• _What needs to be done_
The required output is the exact run of lines in the listing below from the line holding "Balance and wellness" through the line holding "Model wearing Emory", with no pictures.

[[ Supplied entries open ]]

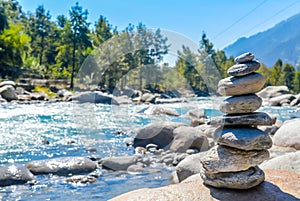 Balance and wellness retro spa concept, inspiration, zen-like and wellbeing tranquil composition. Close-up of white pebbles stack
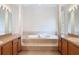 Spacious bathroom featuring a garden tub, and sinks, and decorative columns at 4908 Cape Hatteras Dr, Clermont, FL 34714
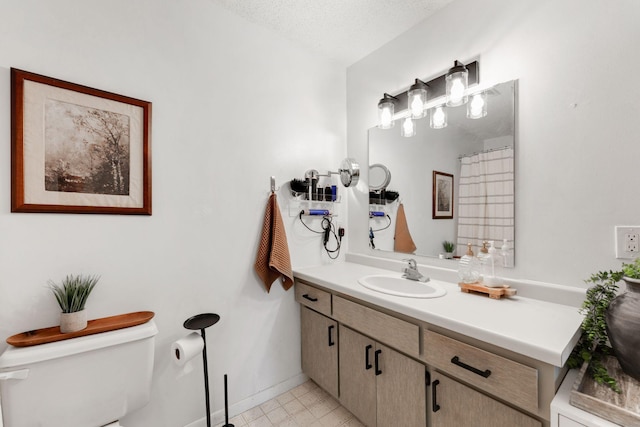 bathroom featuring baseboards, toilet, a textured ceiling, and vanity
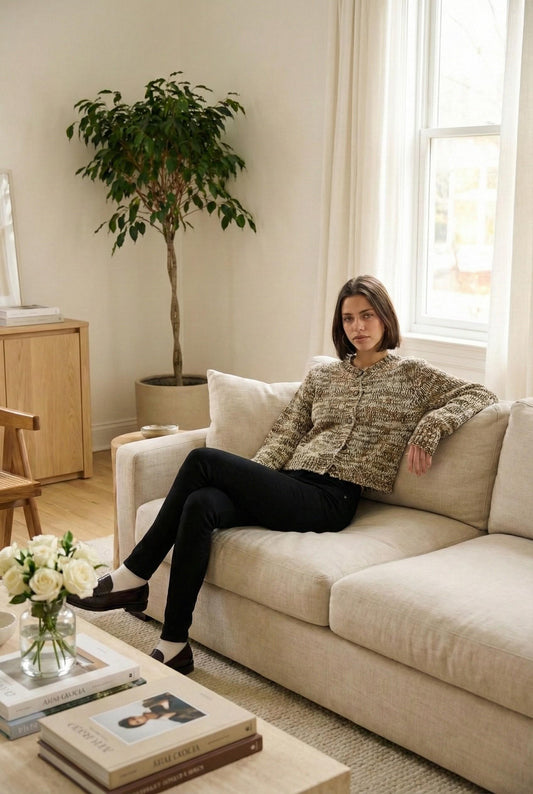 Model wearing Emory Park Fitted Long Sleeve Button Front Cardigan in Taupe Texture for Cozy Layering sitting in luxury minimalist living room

[[ Supplied entries closed ]]
[[ Supplied entries open ]]

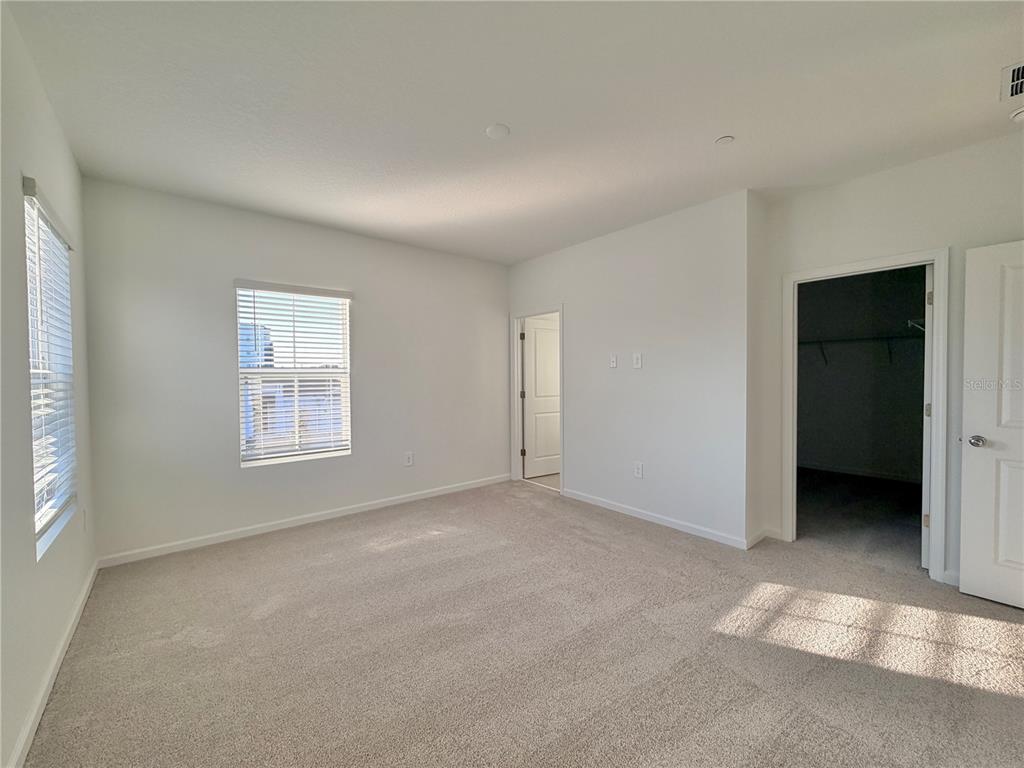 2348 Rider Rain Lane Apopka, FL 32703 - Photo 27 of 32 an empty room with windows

[[ Supplied entries closed ]]
[[ Supplied entries open ]]

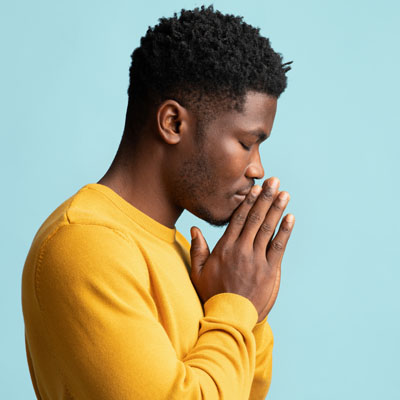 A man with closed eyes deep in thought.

[[ Supplied entries closed ]]

• _Task response_
 Balance and wellness retro spa concept, inspiration, zen-like and wellbeing tranquil composition. Close-up of white pebbles stack
 Spacious bathroom featuring a garden tub, and sinks, and decorative columns at 4908 Cape Hatteras Dr, Clermont, FL 34714
 bathroom featuring baseboards, toilet, a textured ceiling, and vanity
 Model wearing Emory Park Fitted Long Sleeve Button Front Cardigan in Taupe Texture for Cozy Layering sitting in luxury minimalist living room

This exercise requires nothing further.